By Joanne Sammer
Few transit systems have enjoyed as large an infusion of dot-com marketing dollars in recent years as the three train lines that feed into New York City's Grand Central Terminal. Known collectively as Metro North, they adroitly shuttle thousands of suburban commuters into midtown Manhattan each day, offering their clientele few distractions other than the billboards that clutter its station platforms.
It was just this distraction that led Metro North's shuttled masses to become ticket holders in one of the most spirited but lesser known battles of last year's dot-com onslaught. Having resisted few advertising mediums in their quest to establish brand identity, an array of dot-com business-to-consumer (B2C) insurgents declared war against the likes of Jack Daniels, Johnny Walker, and Chivas, as they sought to take over their own coveted shares of Metro North ad space.
Johnny Walker won a decisive victory, as the insurgents all but surrendered the lion's share of ad space to the liquor peddlers just in time for the annual holiday season ad splash. For many Metro North riders, the battle seemed to deliver a sobering message about marketing executives and the excessive spending habits that are purported to advance their product branding.
"Marketing is a hot topic, but it should be hotter — it should be the first thing on every client's mind," says Michael Skoletsky, a client partner at Viant. Skoletsky is not alone in his view. "There's plenty of work for consultancies here — it's a hot area, and consultants can absolutely grow careers in marketing," comments Eric Almquist, a vice president at Mercer Management Consulting. At Boston Consulting Group (BCG), Michael Silverstone, senior vice president and leader of the consumer practice, proclaims, "We're oversold for the next three years. If I could hire another 100 consultants with the right skills in this area, I would."

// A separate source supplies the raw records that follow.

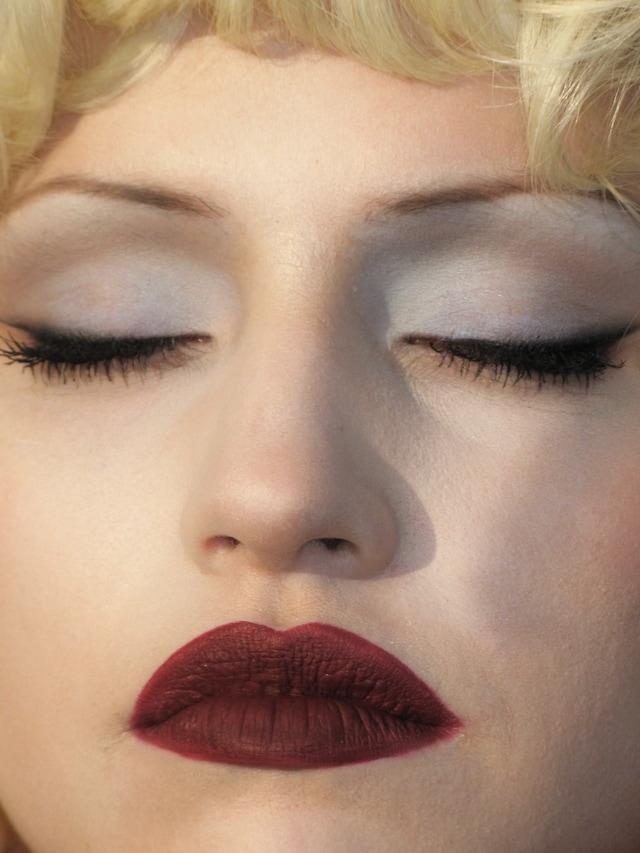 Gabbriette BTS Vivienne Westwood shoot 4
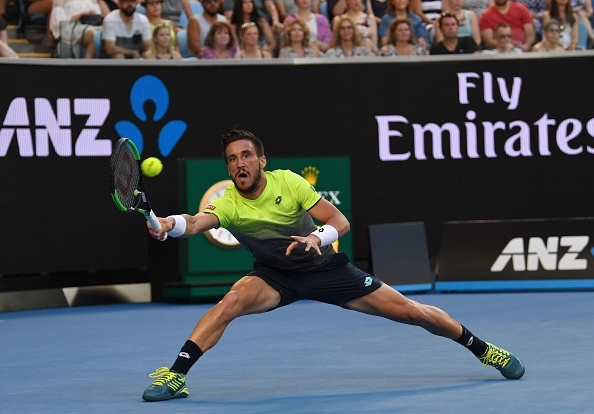 Nadal toc thang vao vong 4 anh 7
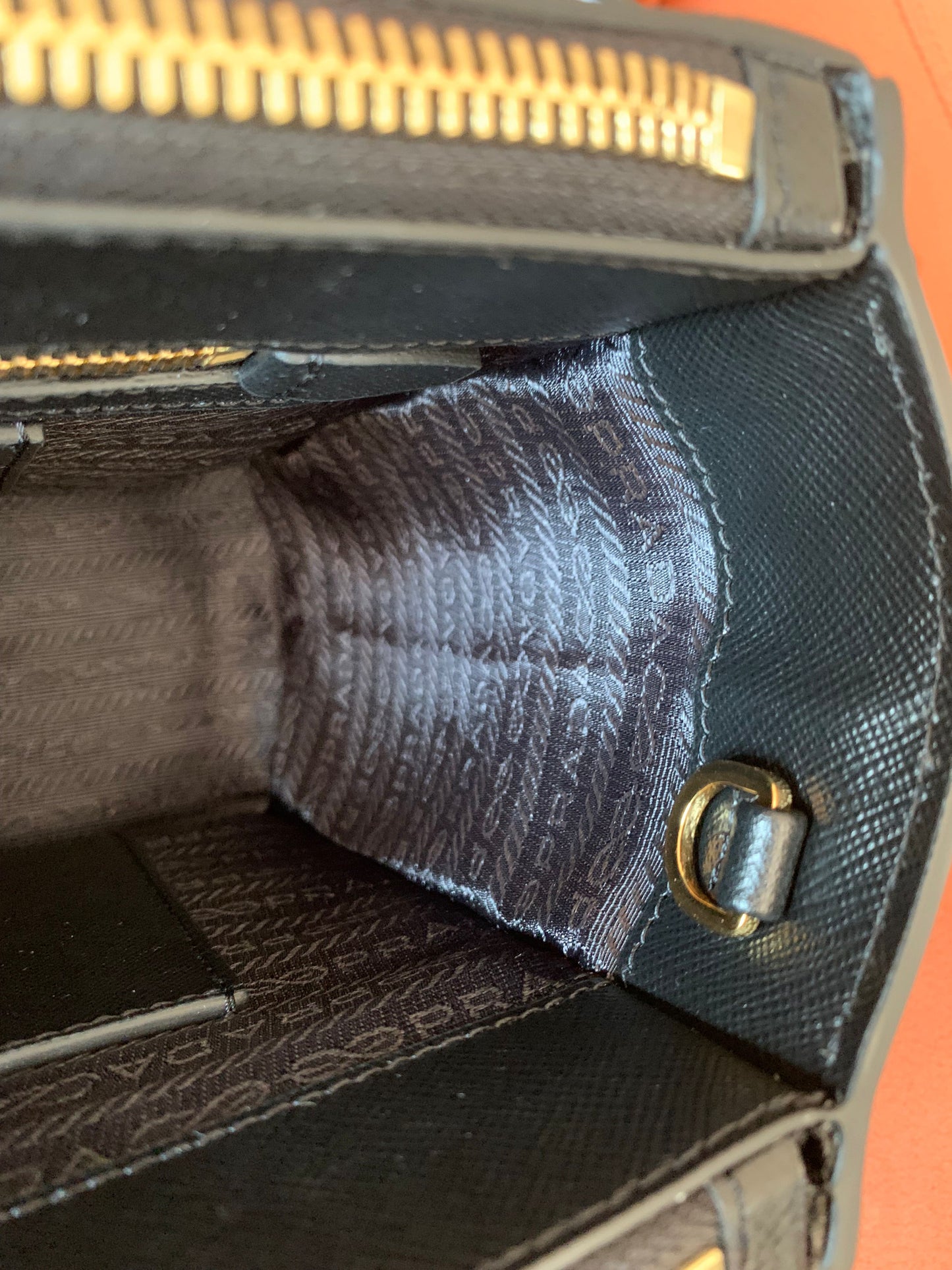 Bolso de hombro Prada Galleria mediano de piel negra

Clearly, as companies seek to increase growth and profitability in the rapidly moving New Economy, consultancy firms — and their incumbent clients — are recognizing the need for marketing capabilities that support not only bricks-and-mortar operations, but also the opportunities presented by the e-world of the Internet and emerging channels such as mobile commerce and digital interactive television. However, while recognition is pretty universal, the consultancy approach to marketing and delivering client solutions is varied and, with no clear winners on the podium, there is much to play for.
A Surge in Demand
"This is an unusual time. Marketing in the digital arena is new to everyone, and technology is changing all the time," says Viant's Skoletsky. "I've been here two years, and it's the most exciting work I've ever been engaged in. There is a constant stream of people from traditional marketing and advertising backgrounds who would love to work here. We have more candidates than positions in this area."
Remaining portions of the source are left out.